▶ _Exercise instructions_
Line by line, copy the records below exactly and leave the pictures out.

[Caption-style text data]
------------------------------------------------

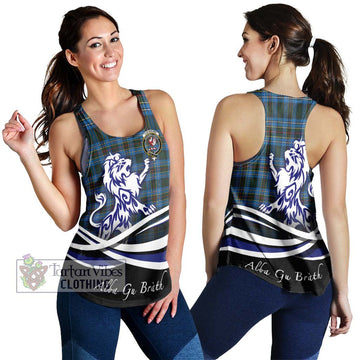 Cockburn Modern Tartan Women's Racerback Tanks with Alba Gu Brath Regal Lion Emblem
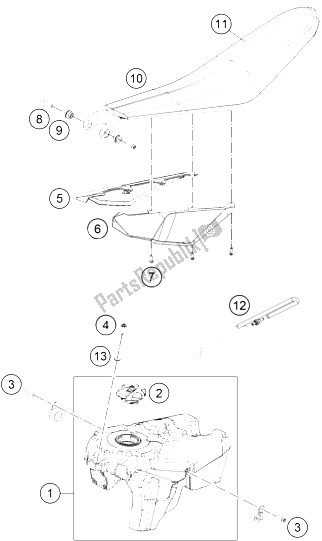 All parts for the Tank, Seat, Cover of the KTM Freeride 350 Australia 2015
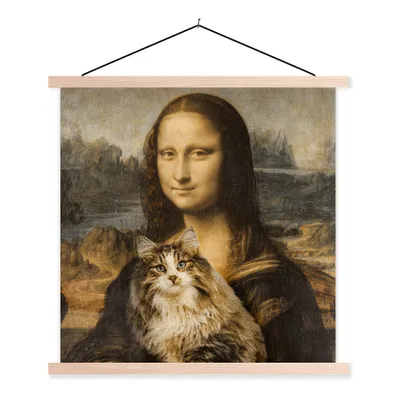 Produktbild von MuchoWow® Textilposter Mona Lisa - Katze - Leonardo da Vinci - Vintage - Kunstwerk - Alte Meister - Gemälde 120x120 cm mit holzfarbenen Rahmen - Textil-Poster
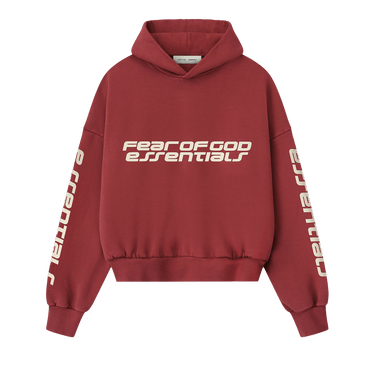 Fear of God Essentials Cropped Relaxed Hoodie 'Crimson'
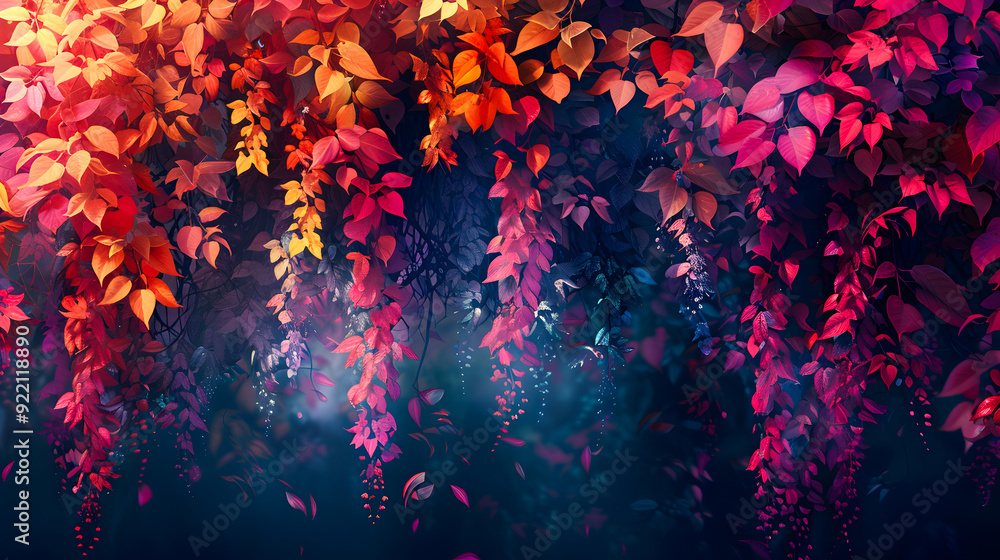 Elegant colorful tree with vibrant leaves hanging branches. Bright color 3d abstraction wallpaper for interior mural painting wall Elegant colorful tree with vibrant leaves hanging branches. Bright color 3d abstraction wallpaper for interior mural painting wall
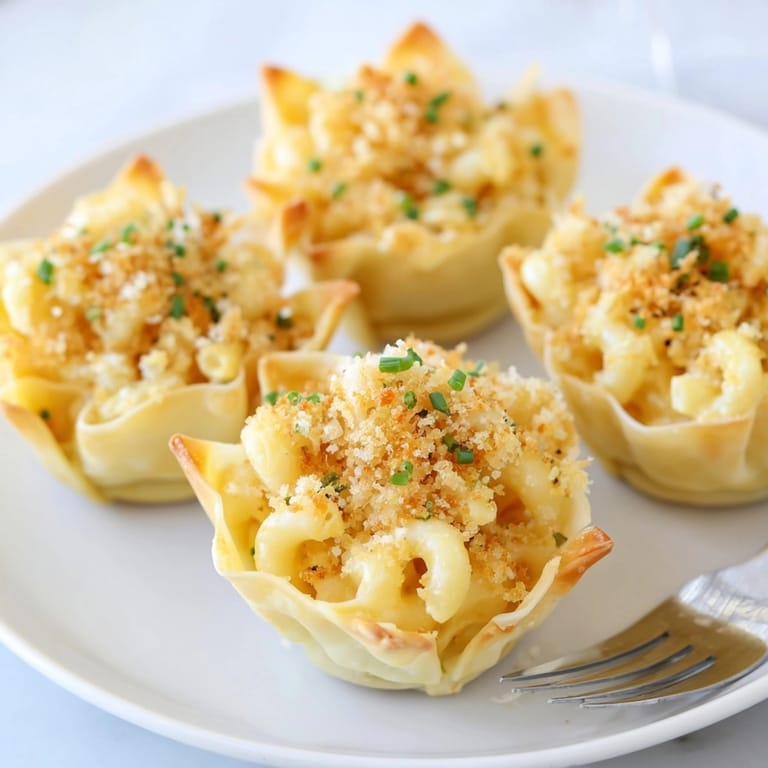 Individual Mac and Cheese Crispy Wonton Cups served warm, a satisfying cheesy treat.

------------------------------------------------

▶ _Result_
 Cockburn Modern Tartan Women's Racerback Tanks with Alba Gu Brath Regal Lion Emblem
 All parts for the Tank, Seat, Cover of the KTM Freeride 350 Australia 2015
 Produktbild von MuchoWow® Textilposter Mona Lisa - Katze - Leonardo da Vinci - Vintage - Kunstwerk - Alte Meister - Gemälde 120x120 cm mit holzfarbenen Rahmen - Textil-Poster
 Fear of God Essentials Cropped Relaxed Hoodie 'Crimson'
 Elegant colorful tree with vibrant leaves hanging branches. Bright color 3d abstraction wallpaper for interior mural painting wall Elegant colorful tree with vibrant leaves hanging branches. Bright color 3d abstraction wallpaper for interior mural painting wall
 Individual Mac and Cheese Crispy Wonton Cups served warm, a satisfying cheesy treat.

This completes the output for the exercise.